Natural Born Killers [Stone, 1994]
In a time where many are reconsidering the shape that violence takes in the media and entertainment, Natural Born Killers makes a statement. Directed by Oliver Stone in 1994, it’s a stylized road movie with a startling amount of violence – even for a contemporary audience. Though Stone directed and manipulated the script, it was originally conceived by none other than everyone’s darling, Quentin Tarantino, which couldn’t be more obvious. NBK tells the story of Mickey and Mallory Knox, newlyweds who become mass murderers. The film is not for the weak stomached for two reasons: 1) it’s a two-hour bloodbath and 2) it’s filmed in a way that despises right angles, celebrates the psychedelic, and rejects the tripod. It offers a strong visceral experience with almost no emotional or intellectual payoff.
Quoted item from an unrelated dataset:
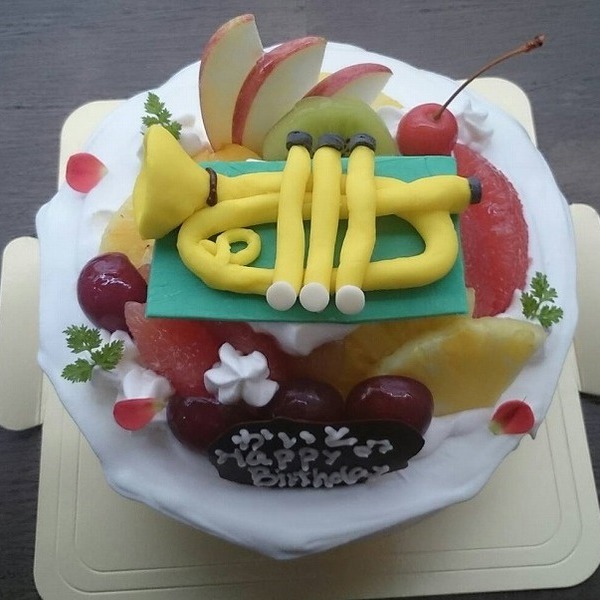 フルーツ盛りだくさんお誕生日ケーキ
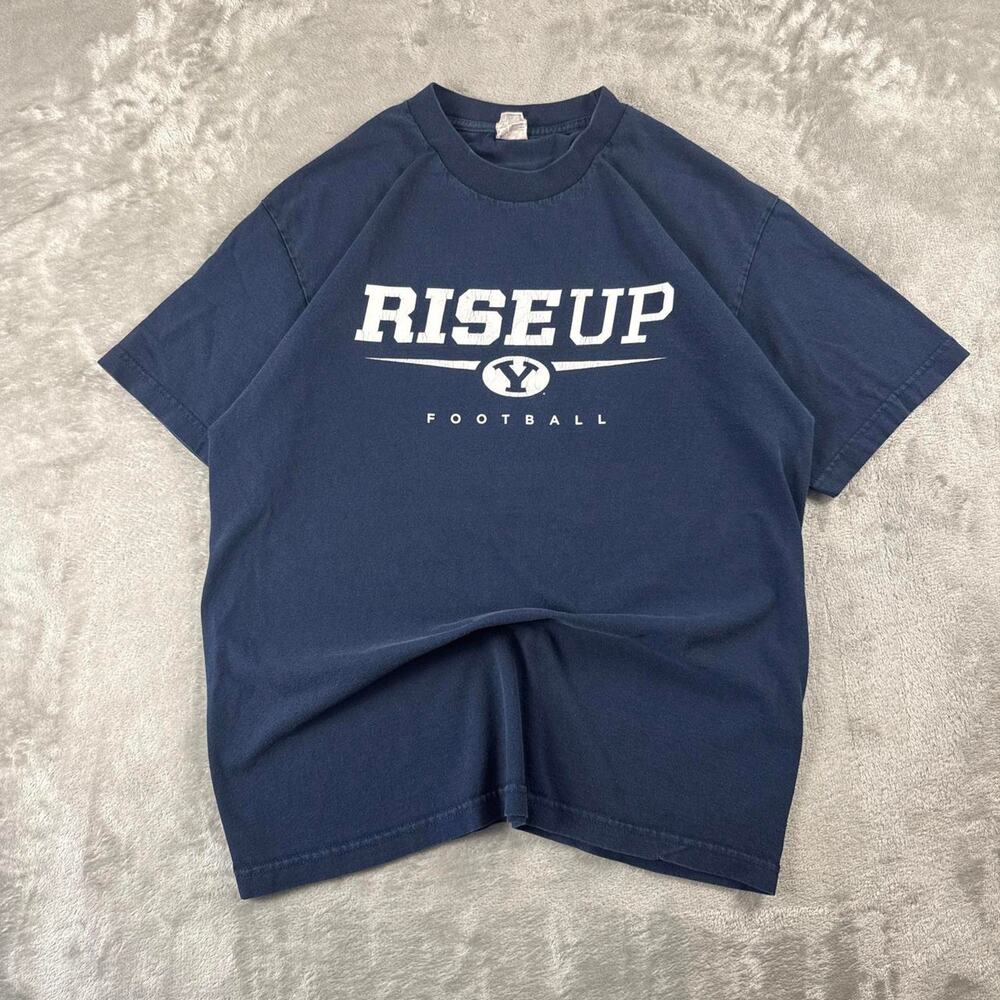 BYU Cougars Rise Up Football T-Shirt Men’s Large Navy Blue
Natural Born Killers tries very hard to join the lineage of You Only Live Once, Bonnie & Clyde, Pierrot le fou, and Badlands. Stylistically, it is under the influence of Arthur Penn and some other drugs. The edits are like lightning. Some sections play in bold, tinted colors – like we’re seeing the film through Mickey’s red glasses. The second half is not as relentless as the first and the style becomes more palatable. However, the intellectual aim of NBK never blooms. Drawing broad connections between the media frenzy surrounding violence and the act of violence itself resonates especially well today, 8 days after the massacre in Aurora, CO. But NBK is a commentary so far removed from reality that it loses strength. This is a common problem in Tarantino’s films. There’s no danger. There’s no vigor. In fact, there’s nothing in them that hasn’t already happened in a movie, which is how QT has come to understand the world. As a result, his own movies fail to communicate anything except as a vague meta-commentary on cinema. I can only pray that this changes someday.
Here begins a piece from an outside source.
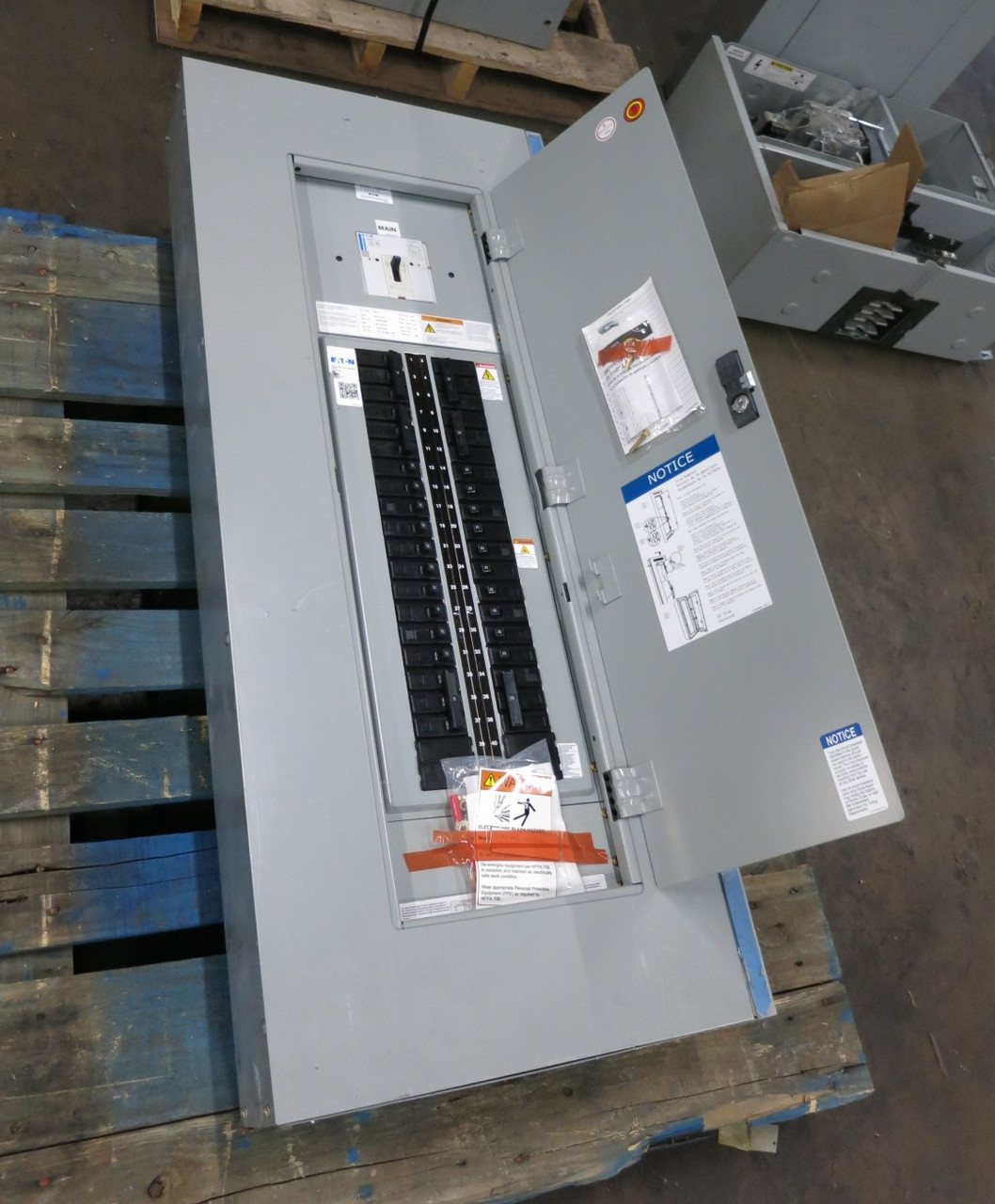 Eaton PRL1X 200A 208Y/120V Main Circuit Breaker Panel Board 3PH 4W 200 Amp PDD2 (DW8276-1)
The troubling thing about NBK is that Oliver Stone’s involvement should have been the perfect ingredient. A veteran of the service, he has proved himself able to translate the terrifying realities of violence to a rewarding cinematic experience in Platoon and Scarface. But here, it is so wrapped up in its own intoxicating style and inertia that it follows through on Tarantino’s ailment. There are so few moments of genuine danger in NBK. It could be argued that this exactly is the point – to make a film of enveloping psychosis that we actually buy into the populist frenzy surrounding Mickey and Mallory. But all of that has already been said with eloquence and grace in Malick’s astonishing debut, Badlands. NBK shares a lot of DNA with that film. We can imagine someone handing the same one sentence premise to a Harvard philosophy graduate and a video store clerk with Badlands and NBK as the products. See the difference? NBK is also in the deep shadow of David Lynch — specifically Wild at Heart. Tarantino makes no effort to conceal Lynch’s influence and it lies heavy on this film. There’s plenty of shade in Lynch’s shadow, but NBK is definitely in it.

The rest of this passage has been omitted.